The Greek philosopher Hippocrates (460-377)BC was the first person to think that epilepsy starts in the brain.
Some famous people from the past who had epilepsy include Roman Emperor Julius Caesar and the artist Vincent Van Gogh.
Anyone can have a seizure if the circumstances are right, but most people do not have seizures under normal conditions.
Seizures are sometimes called fits or attacks. Seizures happen when there is a sudden interruption in the way the brain normally works.
If your friend had an Epileptic Fit, would you know what to do. The recovery position could help someone recover after a tonic clonic (convulsive) seizure. These steps should be followed once the shaking (convulsing) has stopped.
1.Kneel on the floor to one side of the person.
2.Place the person’s arm that is nearest you at a right angle to their body, so that it is bent at the elbow with the hand pointing upwards. This will keep it out of the way when you roll them over.
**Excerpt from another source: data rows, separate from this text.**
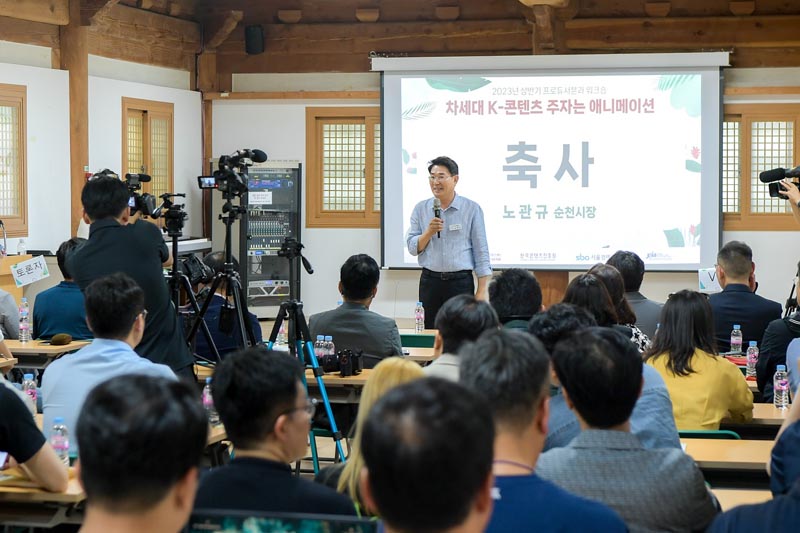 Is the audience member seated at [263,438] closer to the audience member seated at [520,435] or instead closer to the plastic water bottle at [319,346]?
the audience member seated at [520,435]

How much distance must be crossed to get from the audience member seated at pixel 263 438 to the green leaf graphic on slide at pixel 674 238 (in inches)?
310

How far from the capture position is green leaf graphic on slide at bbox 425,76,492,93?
9.89 metres

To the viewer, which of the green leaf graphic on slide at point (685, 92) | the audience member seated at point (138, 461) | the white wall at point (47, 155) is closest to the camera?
the audience member seated at point (138, 461)

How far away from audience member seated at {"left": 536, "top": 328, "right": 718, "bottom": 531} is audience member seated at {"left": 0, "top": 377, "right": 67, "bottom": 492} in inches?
56.6

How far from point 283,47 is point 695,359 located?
7635mm

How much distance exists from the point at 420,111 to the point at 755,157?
3.17 meters

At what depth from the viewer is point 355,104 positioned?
10.5 m

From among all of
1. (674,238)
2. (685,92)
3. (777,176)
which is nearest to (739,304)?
(777,176)

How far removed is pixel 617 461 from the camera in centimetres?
224

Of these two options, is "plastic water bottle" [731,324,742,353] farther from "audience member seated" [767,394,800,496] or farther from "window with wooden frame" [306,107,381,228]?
"window with wooden frame" [306,107,381,228]

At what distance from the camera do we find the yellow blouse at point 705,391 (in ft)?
12.9

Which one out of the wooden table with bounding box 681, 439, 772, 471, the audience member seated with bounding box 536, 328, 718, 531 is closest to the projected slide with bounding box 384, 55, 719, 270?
the wooden table with bounding box 681, 439, 772, 471

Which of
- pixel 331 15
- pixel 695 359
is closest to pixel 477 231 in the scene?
pixel 695 359

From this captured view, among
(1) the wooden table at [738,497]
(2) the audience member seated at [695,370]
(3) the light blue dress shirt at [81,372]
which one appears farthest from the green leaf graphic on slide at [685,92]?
(3) the light blue dress shirt at [81,372] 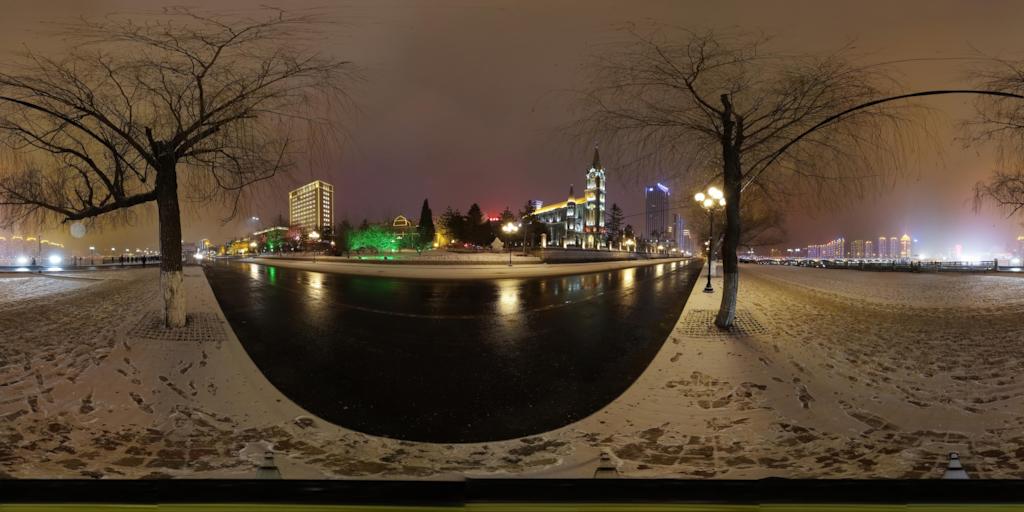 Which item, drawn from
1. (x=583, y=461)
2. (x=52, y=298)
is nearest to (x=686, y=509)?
(x=583, y=461)

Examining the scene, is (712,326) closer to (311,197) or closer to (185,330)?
(311,197)

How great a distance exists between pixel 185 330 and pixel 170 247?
4.92 feet

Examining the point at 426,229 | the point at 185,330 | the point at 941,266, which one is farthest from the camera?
the point at 426,229

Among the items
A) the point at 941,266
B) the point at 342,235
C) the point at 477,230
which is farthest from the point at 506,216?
the point at 941,266

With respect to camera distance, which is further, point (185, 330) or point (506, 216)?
point (506, 216)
3.Gently pick up their other hand with your palm against theirs (palm to palm). Now place the back of their hand onto their opposite cheek (for example, against their left cheek if it is their right hand). Keep your hand there to guide and support their head as you roll them.
4. Use your other arm to reach across to the person’s knee that is furthest from you, and pull it up so that their leg is bent and their foot is flat on the floor.
5.Gently pull their knee towards you so that they roll over onto their side, facing you. Their body weight should help them to roll over quite easily.
6.Move the bent leg that is nearest to you, in front of their body so that it is resting on the floor. This position will help to balance them.
7.Gently raise their chin to tilt their head back slightly, as this will open up their airway and help them to breathe. Check that nothing is blocking their airway. If there is an obstruction, such as food in their mouth, remove this if you can do so safely. Stay with them, giving reassurance, until they have fully recovered.
8.Call for an ambulance if:
it is the person’s first seizure;
they have injured themselves badly;
they have trouble breathing after the seizure;
one seizure immediately follows another with no recovery in between;
the seizure lasts 2 minutes longer than is usual for them; or
the seizure lasts for more than 5 minutes and you don’t know how long their seizures usually last.
Please note timings may have changed due to changing medical guide lines so please consultant a medical professional or organisation for the latest up to date timings.
Source National society for Epilepsy.